Re: [RFC PATCH 2/2] mm: swap: apply per cgroup swap priority mechansim on swap layer
From: Kairui Song
Date: Thu Jun 12 2025 - 14:20:38 EST
On Fri, Jun 13, 2025 at 1:28 AM Nhat Pham <nphamcs@xxxxxxxxx> wrote:
>
> On Thu, Jun 12, 2025 at 4:14 AM Kairui Song <ryncsn@xxxxxxxxx> wrote:
> >
> > On Thu, Jun 12, 2025 at 6:43 PM <youngjun.park@xxxxxxx> wrote:
> > >
> > > From: "youngjun.park" <youngjun.park@xxxxxxx>
> > >
> >
> > Hi, Youngjun,
> >
> > Thanks for sharing this series.
> >
> > > This patch implements swap device selection and swap on/off propagation
> > > when a cgroup-specific swap priority is set.
> > >
> > > There is one workaround to this implementation as follows.
> > > Current per-cpu swap cluster enforces swap device selection based solely
> > > on CPU locality, overriding the swap cgroup's configured priorities.
> >
> > I've been thinking about this, we can switch to a per-cgroup-per-cpu
> > next cluster selector, the problem with current code is that swap
>
> What about per-cpu-per-order-per-swap-device :-? Number of swap
> devices is gonna be smaller than number of cgroups, right?
Hi Nhat,
The problem is per cgroup makes more sense (I was suggested to use
cgroup level locality at the very beginning of the implementation of
the allocator in the mail list, but it was hard to do so at that
time), for container environments, a cgroup is a container that runs
one type of workload, so it has its own locality.
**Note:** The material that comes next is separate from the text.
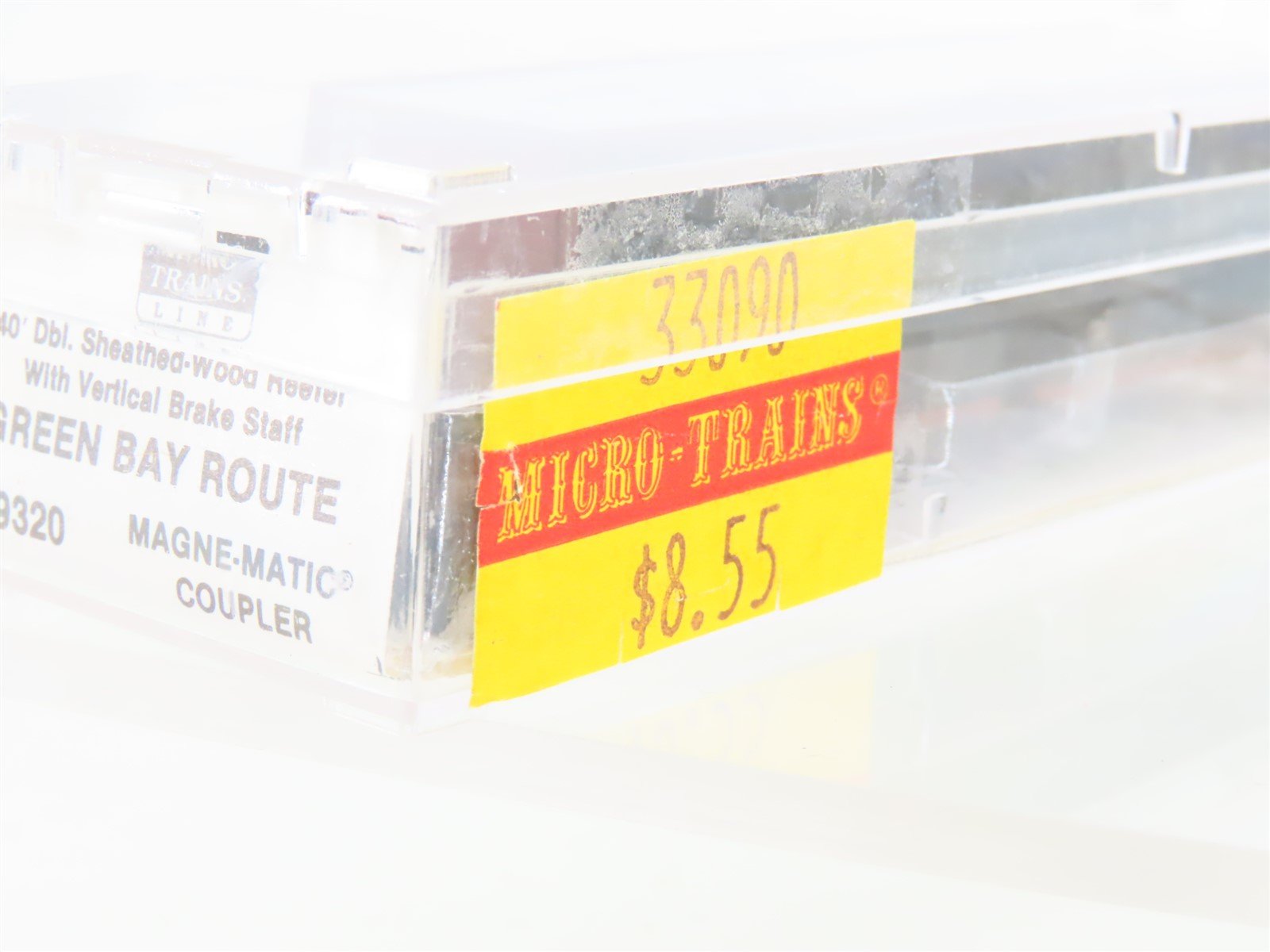 N Scale Micro-Trains MTL 49320 WRX GB&W Green Bay Route 40' Wood Reefer #9453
Things like systemd
also organize different desktop workloads into cgroups. The whole
point is about cgroup.
There could be a lot of cgroups indeed, but not every one of them is
going to enable a cgroup level swap configuration. Youngjun used a
pointer in mem_cgroup, so disabled cgroups have no overhead.
We had a per-device-per-cpu-per-order table previously (before
1b7e90020eb77). It works. Only minor problem is allocation has to
iterate the plist first, then use the si->percpu, and usually there
are only a few swap devices, much less flexible than cgroups.
>
> At swap slot allocation time, we check the folio's swap device
> priority list, then pump that all the way to the swap allocator.
>
> swap allocator, given a priority list, for each priority level, try to
> allocate from that level first. It will get a cluster (either locally
> cached or a new one) from swap devices in that priority level, before
> moving on to the next priority level.